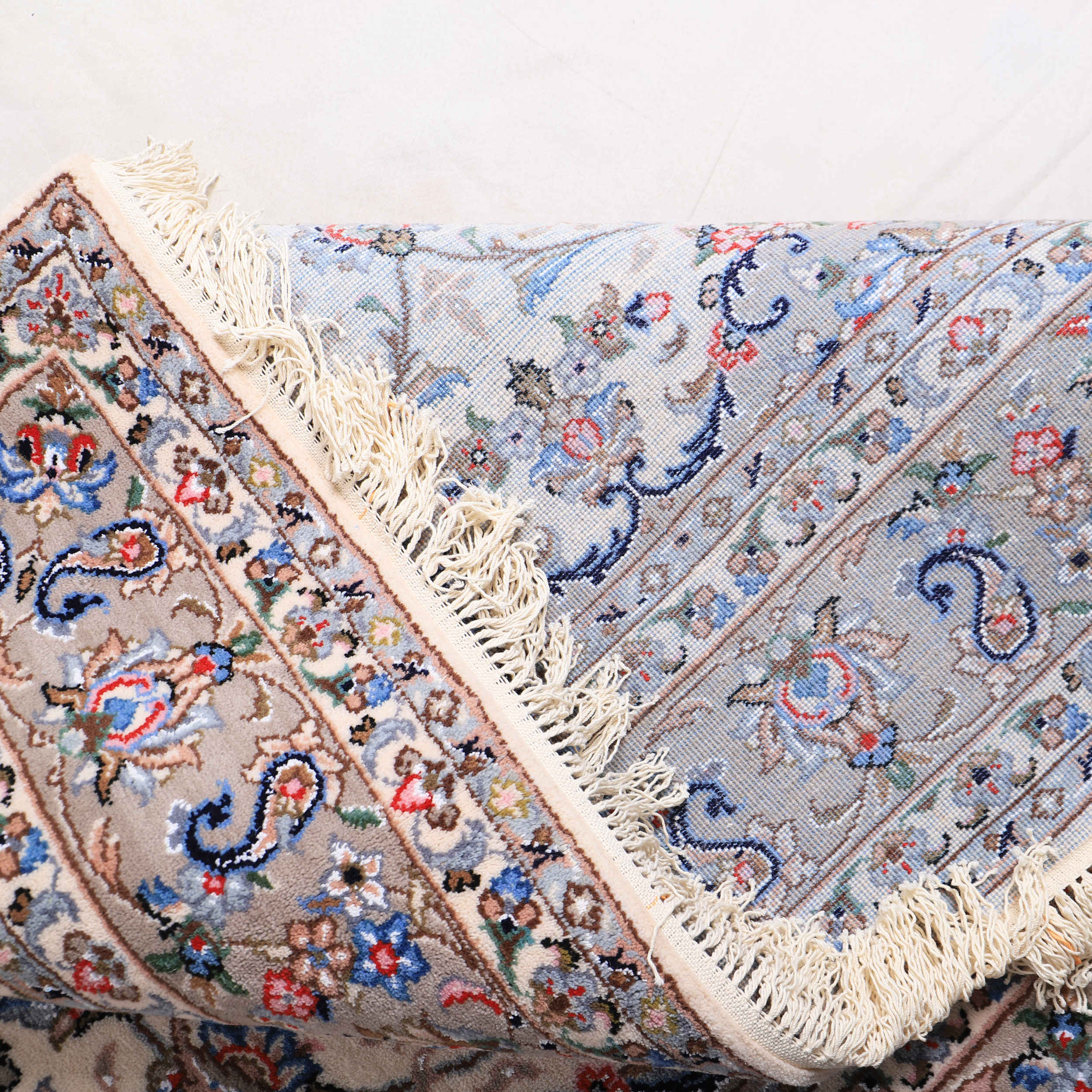 فرش دستباف اردکان طرح لچک و ترنج – پشم کرک کرم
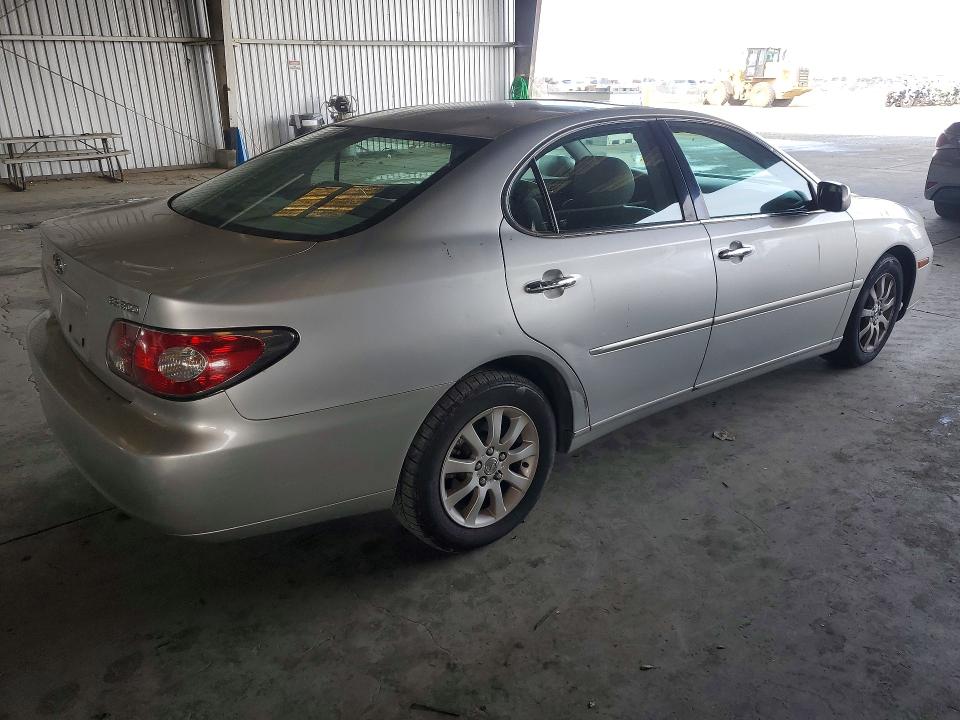 Photo 3 from auction – 2002 LEXUS ES 300 with VIN JTHBF30G820076492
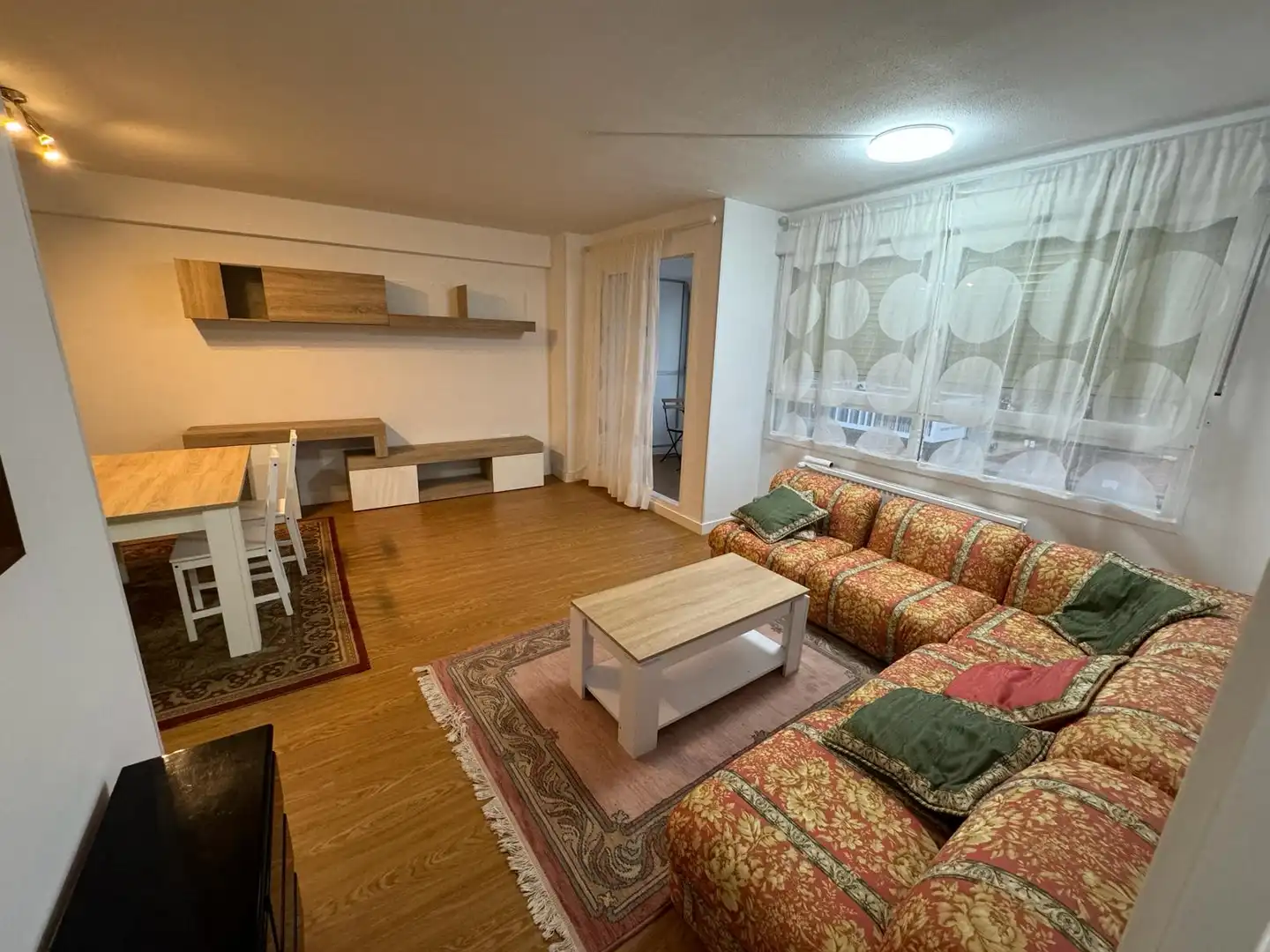 Sala de estar de Apartamento de alquiler en Burgos con Calefacción, Parquet y Amueblado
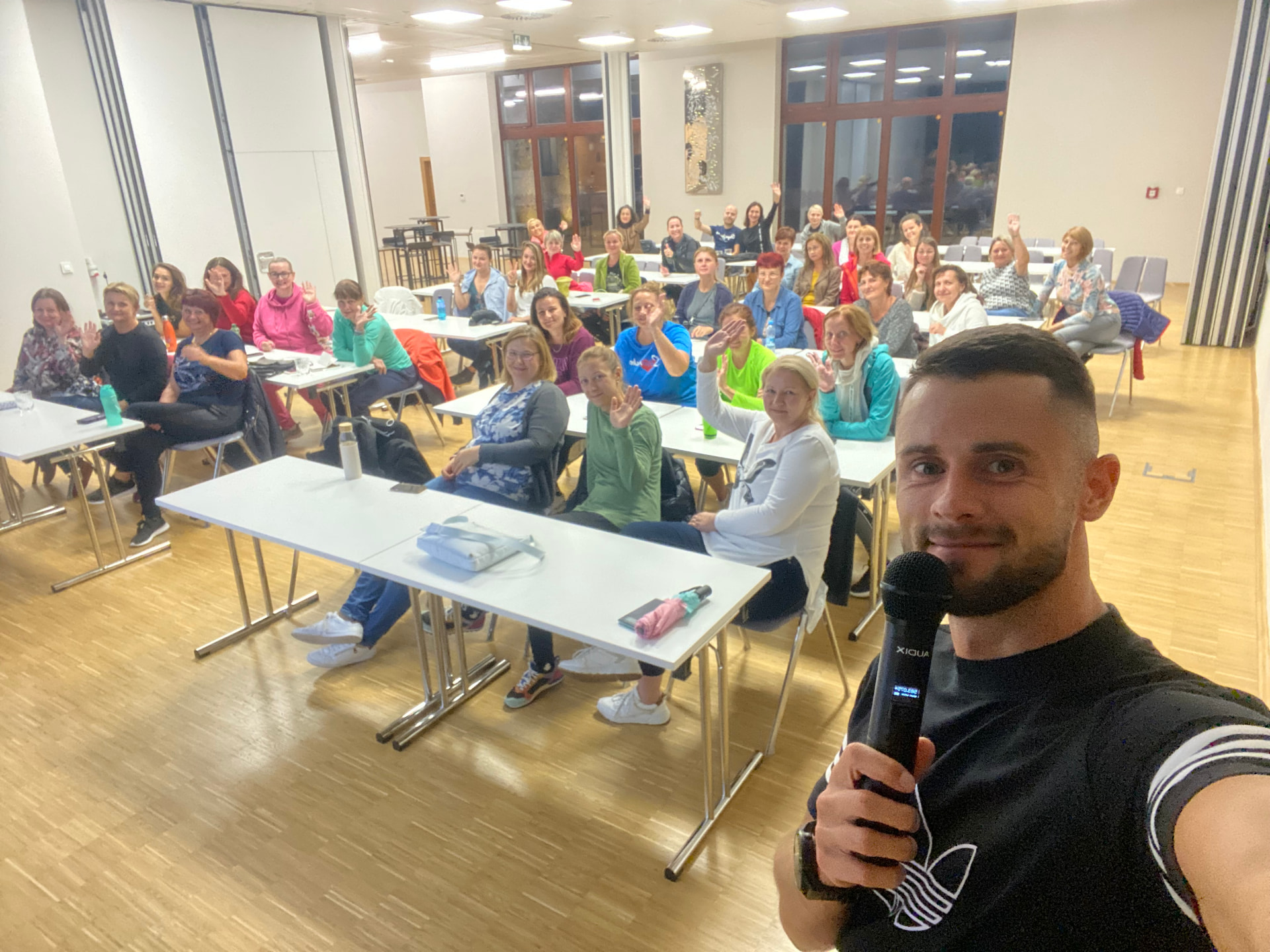 Zo živého semináru pre ženy — plná sála a jedna spoločná téma.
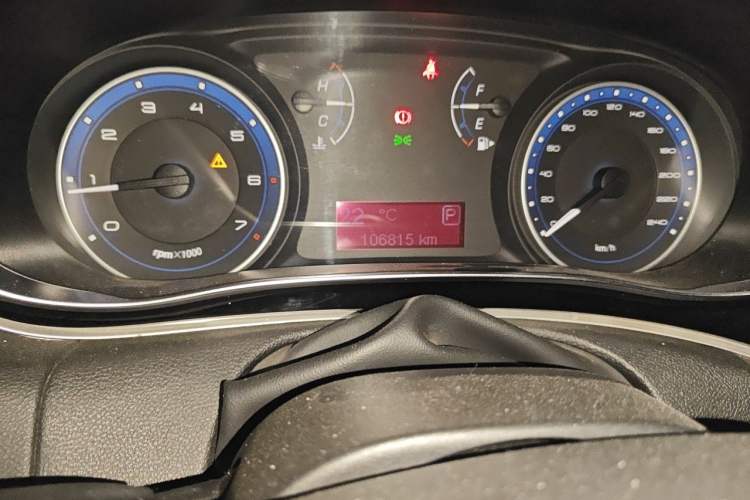 Used Fiat Viaggio 2015 1.4T Automatic Enjoyment Edition Odometer Close Up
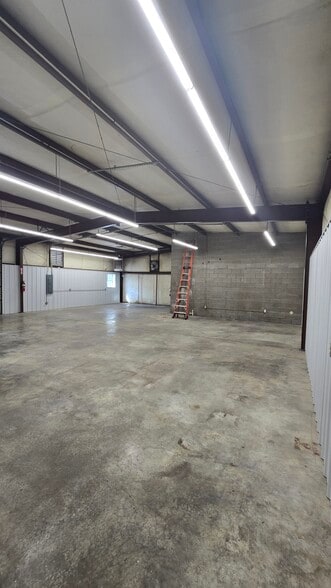 More Photos Of 210 S Maple St, Lebanon Warehouse For Lease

**AIM OF THE EXERCISE:** Pictures aside, restate all of the entries exactly.

**SOLUTION BELOW:**
 فرش دستباف اردکان طرح لچک و ترنج – پشم کرک کرم
 Photo 3 from auction – 2002 LEXUS ES 300 with VIN JTHBF30G820076492
 Sala de estar de Apartamento de alquiler en Burgos con Calefacción, Parquet y Amueblado
 Zo živého semináru pre ženy — plná sála a jedna spoločná téma.
 Used Fiat Viaggio 2015 1.4T Automatic Enjoyment Edition Odometer Close Up
 More Photos Of 210 S Maple St, Lebanon Warehouse For Lease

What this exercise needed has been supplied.